Start of RECORDS SHOWN
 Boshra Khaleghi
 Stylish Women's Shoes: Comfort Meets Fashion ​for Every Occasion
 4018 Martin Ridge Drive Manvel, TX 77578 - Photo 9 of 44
End of RECORDS SHOWN
Start of RECORDS SHOWN
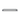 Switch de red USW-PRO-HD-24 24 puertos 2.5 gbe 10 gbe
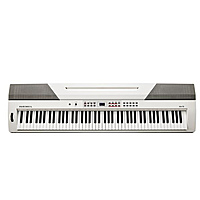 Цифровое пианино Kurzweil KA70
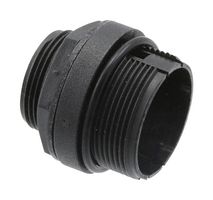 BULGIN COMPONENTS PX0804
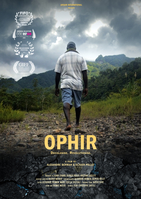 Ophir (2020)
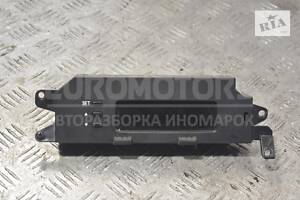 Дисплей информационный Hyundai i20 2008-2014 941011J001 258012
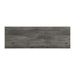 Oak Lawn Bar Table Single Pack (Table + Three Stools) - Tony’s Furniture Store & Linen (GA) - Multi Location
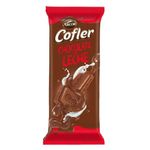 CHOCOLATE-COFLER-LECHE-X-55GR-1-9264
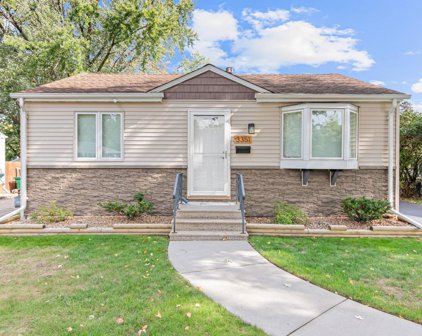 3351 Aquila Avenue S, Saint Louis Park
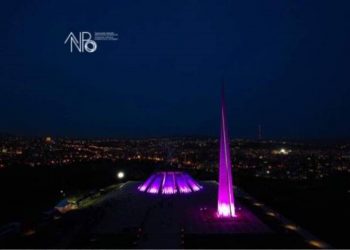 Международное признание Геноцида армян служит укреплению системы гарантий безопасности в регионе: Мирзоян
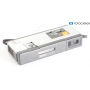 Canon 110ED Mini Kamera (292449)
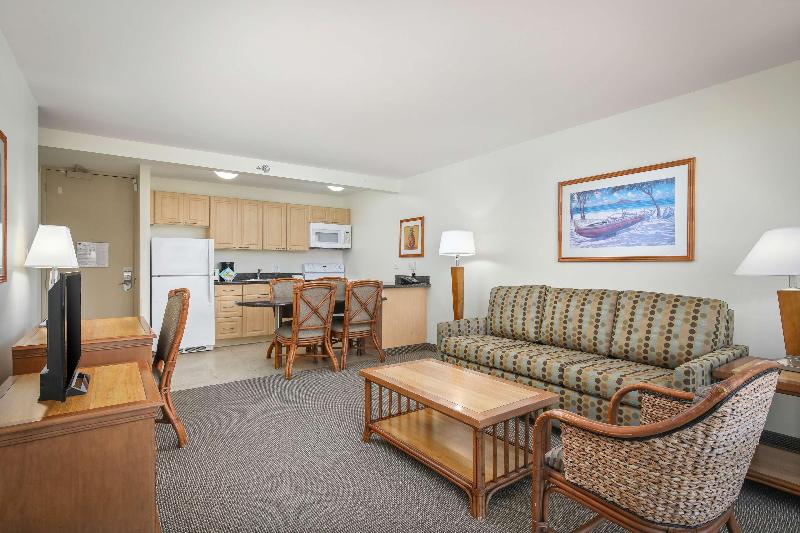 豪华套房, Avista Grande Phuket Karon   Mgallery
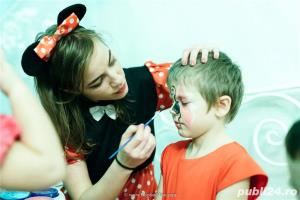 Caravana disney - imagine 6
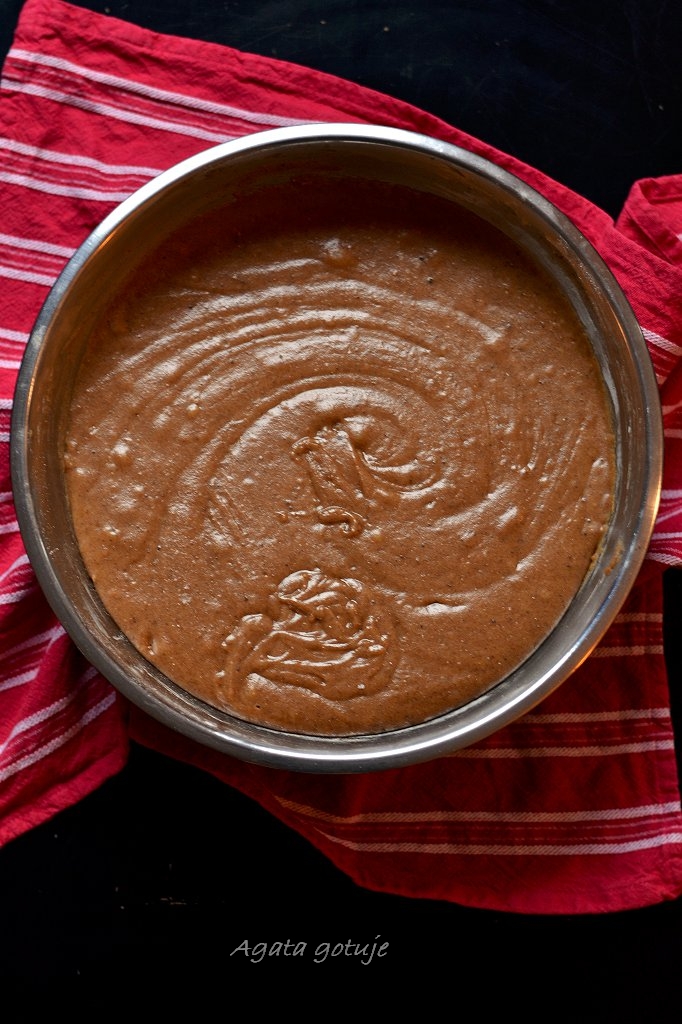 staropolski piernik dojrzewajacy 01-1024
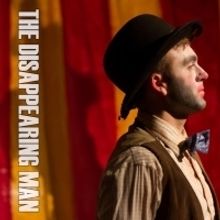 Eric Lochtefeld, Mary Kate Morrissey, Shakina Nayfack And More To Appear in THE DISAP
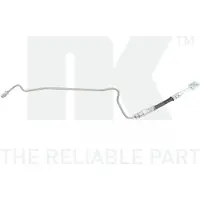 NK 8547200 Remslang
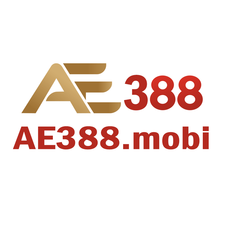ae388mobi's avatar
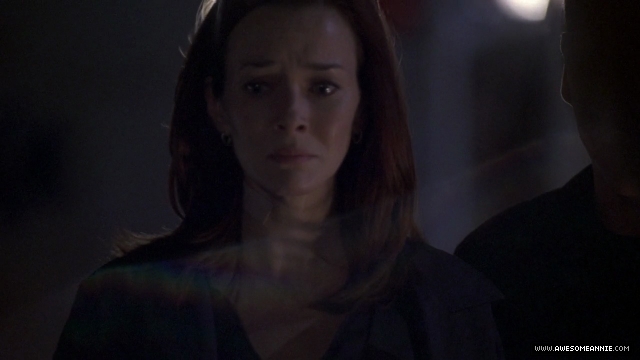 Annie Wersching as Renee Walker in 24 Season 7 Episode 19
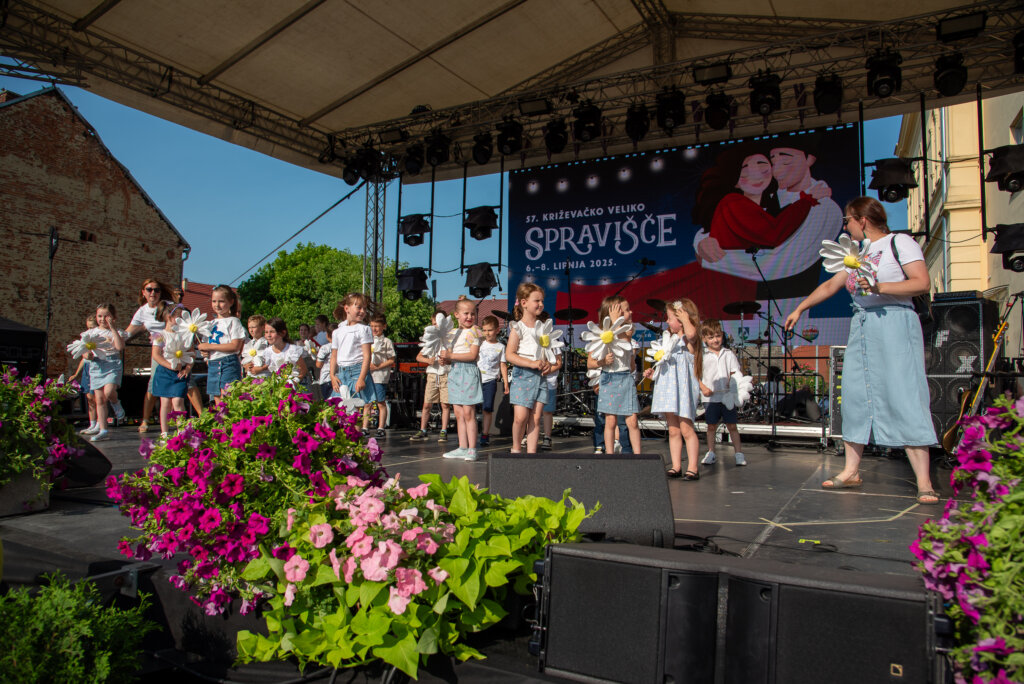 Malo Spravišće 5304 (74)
End of RECORDS SHOWN
Start of RECORDS SHOWN
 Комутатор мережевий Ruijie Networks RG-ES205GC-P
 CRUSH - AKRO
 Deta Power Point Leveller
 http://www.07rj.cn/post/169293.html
End of RECORDS SHOWN
* _WHAT TO PRODUCE_
Please output the lines above beginning at the line with "ae388mobi's avatar" and ending after the line with "Malo Spravišće 5304 (74)", precisely as written and with no pictures.

* _WORKED SOLUTION_
ae388mobi's avatar
 Annie Wersching as Renee Walker in 24 Season 7 Episode 19
 Malo Spravišće 5304 (74)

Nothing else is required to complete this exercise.